Rev. Jones felt left out because Unitarian-Universalists are not what you would call Christians. Instead, they firmly believe that… um… ah…. Well, they’re not, strictly speaking, what you would call Christians.
So if the governor meant to stiff-arm his congregation, and Jews, and the Sikhs in her own family, then that’s not good. If she really meant to do that.
But… I have to object to the fact that in making the argument that Nikki Haley should not have done such a thing, Rev. Jones repeated a popular misconception, and I feel the need to correct him:
So I will not be attending the governor’s day of prayer, because she didn’t actually mean to invite me, as I am the minister of the Unitarian Universalist Congregation of Columbia. But even if she had, I would not attend. I am not against prayer, but I am for the Constitution, the First Amendment of which establishes a “wall of separation between church and state,” to use Thomas Jefferson’s famous phrase. That wall protects the integrity of both government and religion. It prevents religious zealots from using the power and purse of the government to force their beliefs and practices on the rest of us, and it prevents overreaching politicians from intruding into religious affairs. Each institution does better when it minds its own business — when ministers pray and politicians pave roads….
You see the error, right?
The First Amendment does not establish a “wall of separation between church and state.” That oft-repeated quote was Thomas Jefferson — who was not involved in drafting the Constitution or the Bill of Rights — expressing his opinion regarding the effect of the actual amendment. It was in a letter he wrote as president to the Danbury Baptist Association explaining why he, unlike his predecessors and some who followed him, refused to proclaim days of fasting and thanksgiving. The operative passage:
Believing with you that religion is a matter which lies solely between man & his god, that he owes account to none other for his faith or his worship, that the legitimate powers of government reach actions only, and not opinions, I contemplate with sovereign reverence that act of the whole American people which declared that their legislature should make no law respecting an establishment of religion, or prohibiting the free exercise thereof, thus building a wall of separation between church and state…
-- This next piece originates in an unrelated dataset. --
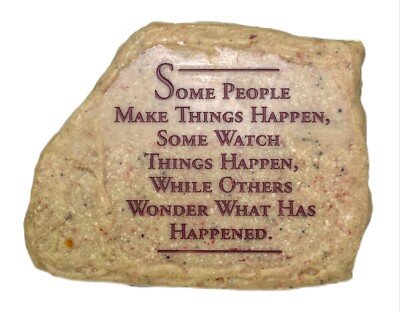 People Make Things Happen Watch Wonder Etched in Stone Vtg 1993 Figurine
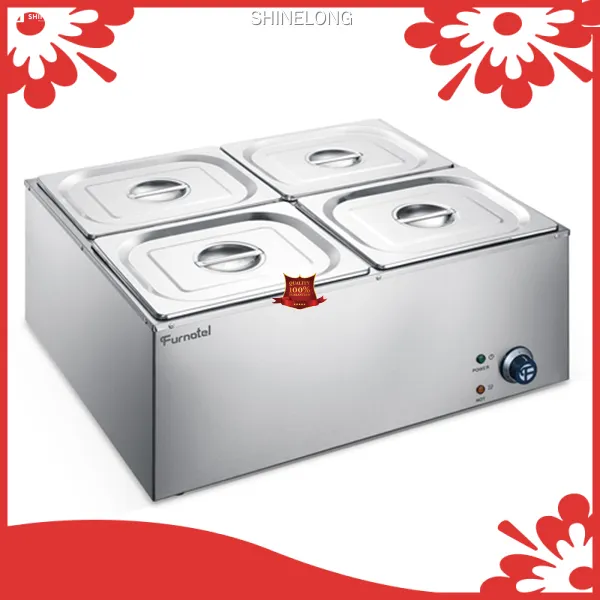 Commercial Bain Marie 1.8kW 220-240V Stainless Steel 201 - 20.5kg 1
Jefferson was on solid ground when he said the amendment provided that the Congress “should make no law respecting an establishment of religion, or prohibiting the free exercise thereof.” But he ventured into opinion, and for his part wishful thinking, when he added “thus building a wall of separation between church and state.”
(Interestingly, after rhetorically erecting this wall and standing firmly on the secular side of it, he closed his letter with these pious words: “I reciprocate your kind prayers for the protection and blessing of the common Father and creator of man…”)
By the way, I place more store on the opinion of James Madison that there should be a “total separation of the church from the state.” But it must be noted that Madison did not insert such language into the amendment itself, and no amendment with that wording was ever ratified or adopted.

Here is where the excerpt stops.